South Sudan: There Are More Risks to Us Here

Refugee women and girls are at high risk of sexual harassment when living in refugee camps. In South Sudan the Danish Refugee Council is raising awareness and fighting the problem through large scale campaigns, delivering training to refugees and other NGOs and providing assistance for the victims.

“Did you see what happened, could it happen here?” Maria Helena Ariza, has the attention of a group of about 50 refugee men and women in Batil refugee camp.

The Danish Refugee Council’s (DRC) protection manager is talking the group through a scene they have just witnessed; a rape of a women by a water point. The scenario could have been real – but in this case it is part of a play, facilitated by the DRC protection team.

“It is necessary to talk about these things. It happens. Before these classes, I just didn’t know that it was wrong,” says 29-year old Malin Almuk Mahadir, who came to the camp with her husband and four children a year ago.

Malin Almuk Mahadir is one of 30 women who is participating in the protection class focused on sexual and gender based violence (SGBV).

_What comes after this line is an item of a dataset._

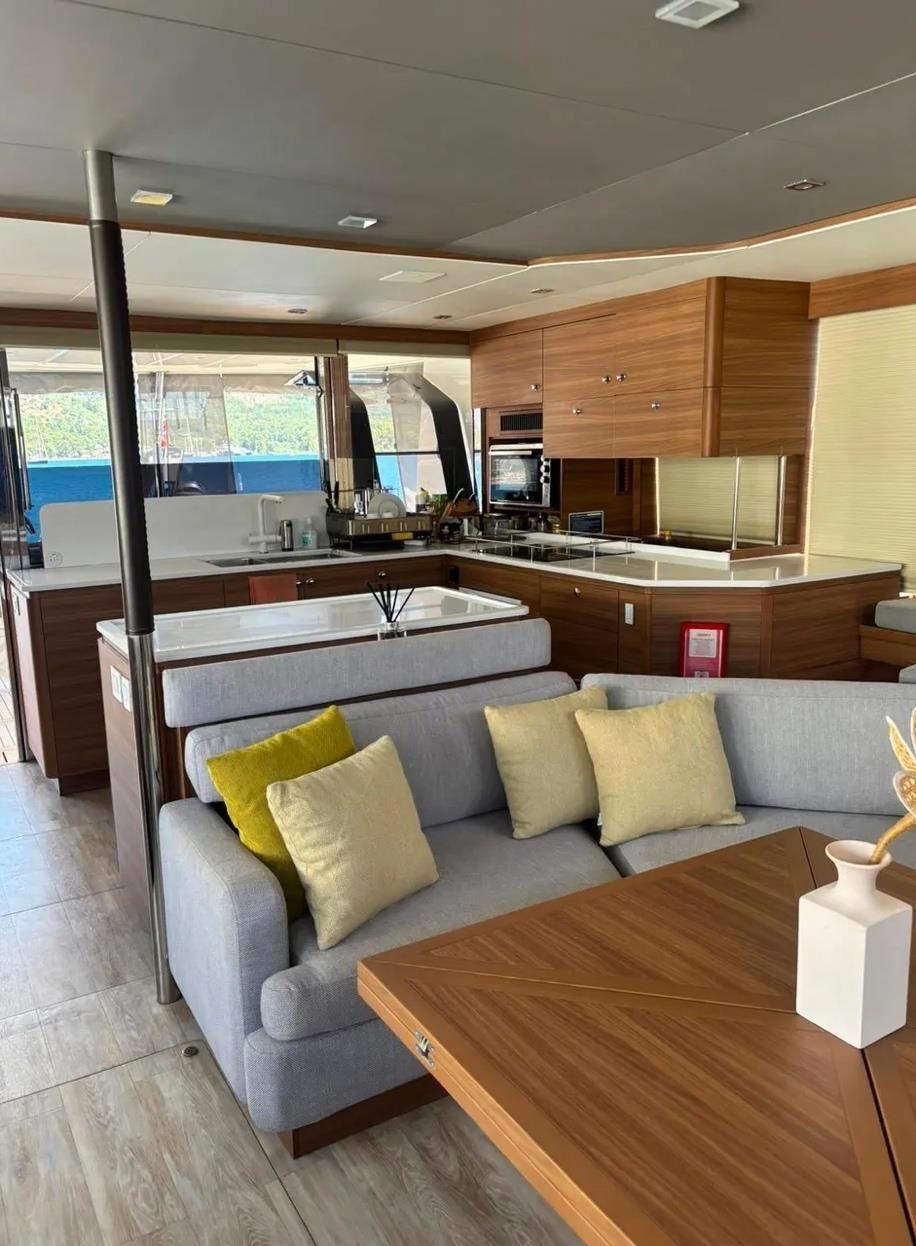 aquila 54 yacht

The class addresses the risks women face, the needs of the victims, human rights and the laws protecting them and the responsibility of the community. After class the group of volunteers pass their new knowledge on to the communities they belong to.

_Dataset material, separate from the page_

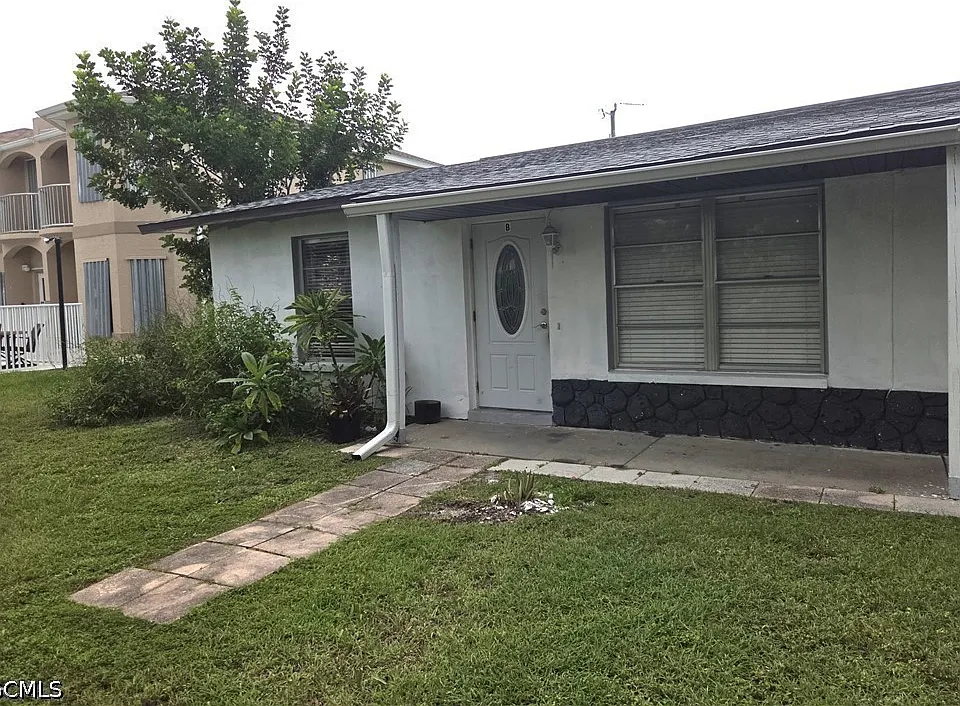 1213 SW 48th Ter #B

“These things do happen here. It wasn’t such a big problem in Blue Nile [Sudan] where we were living with relatives. But here people are mixed up, we live many more people together, more things happen and there are more risks to us,” says 25 year old Regina Sadiq, a volunteer with DRC.

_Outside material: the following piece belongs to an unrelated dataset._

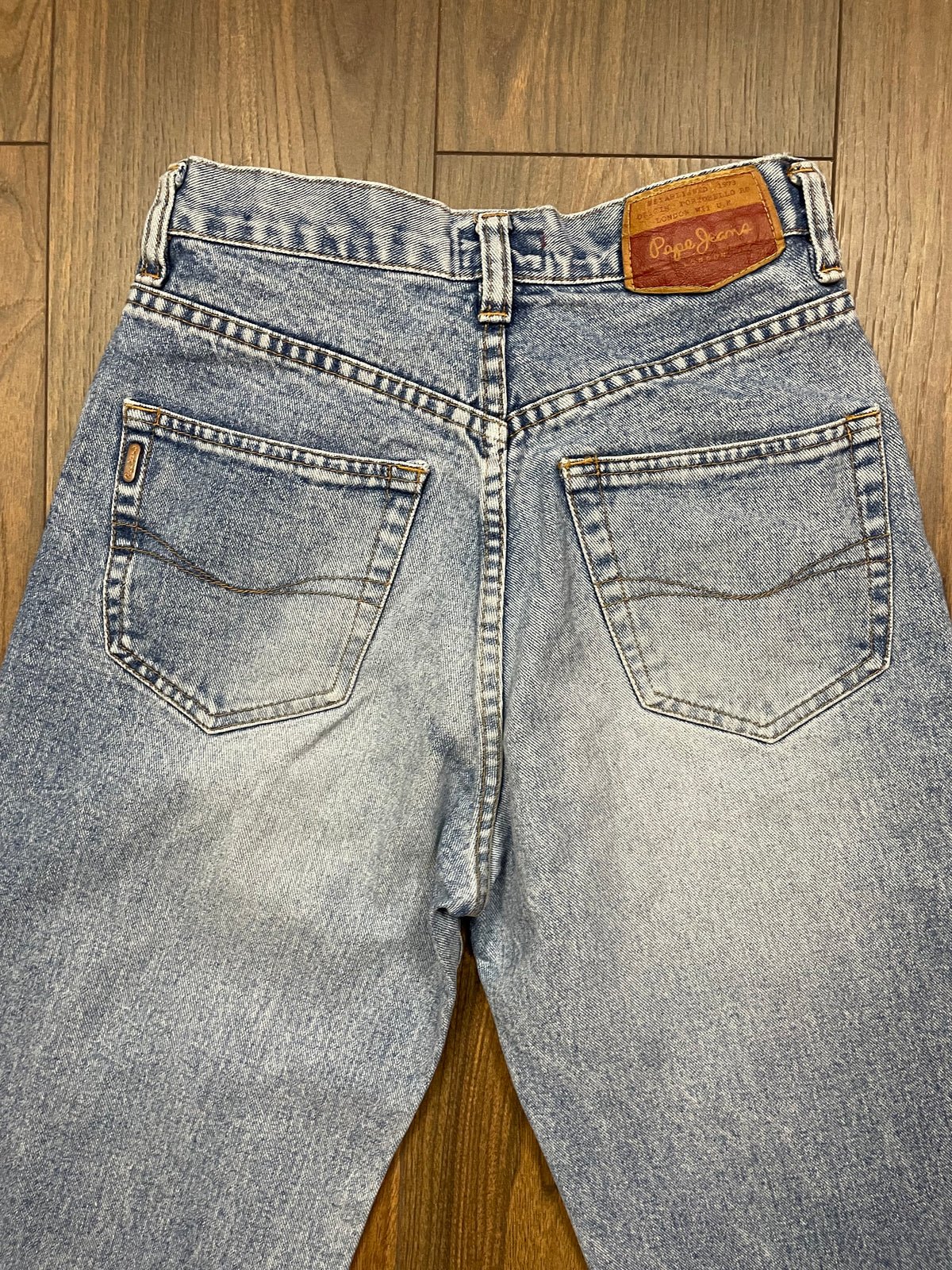 Γυναικείο Τζιν Παντελόνι PEPE JEANS London σε Ξεθωριασμένο Σιέλ Denim (XS/S)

Close to 200,000 sudanese refugees have come to South Sudan since 2011 due to fighting in Sudan’s South Kordofan and Blue Nile states. The DRC protection team has the responsibility of running workshops for humanitarian actors and duty bearers in four refugee camps in Maban County.

A key part of DRC’s prevention and response activities rest upon the regular monitoring and training of more than 65 SGBV focal points in Doro and Yusuf Batil.

Long standing asymmetries of power between men and women are at the root of the problem, but a heightened level of stress in the camps further fuels domestic violence.

“Women and girls are at high risk of sexual harassment at water points, along the roads and at the local market. It is a responsibility of the community to change the social roles,” Maria Helena Ariza explains.

“Women’s rights and human rights have not beenthe priority mindset before. Domestic violence for example has just been part of normal life.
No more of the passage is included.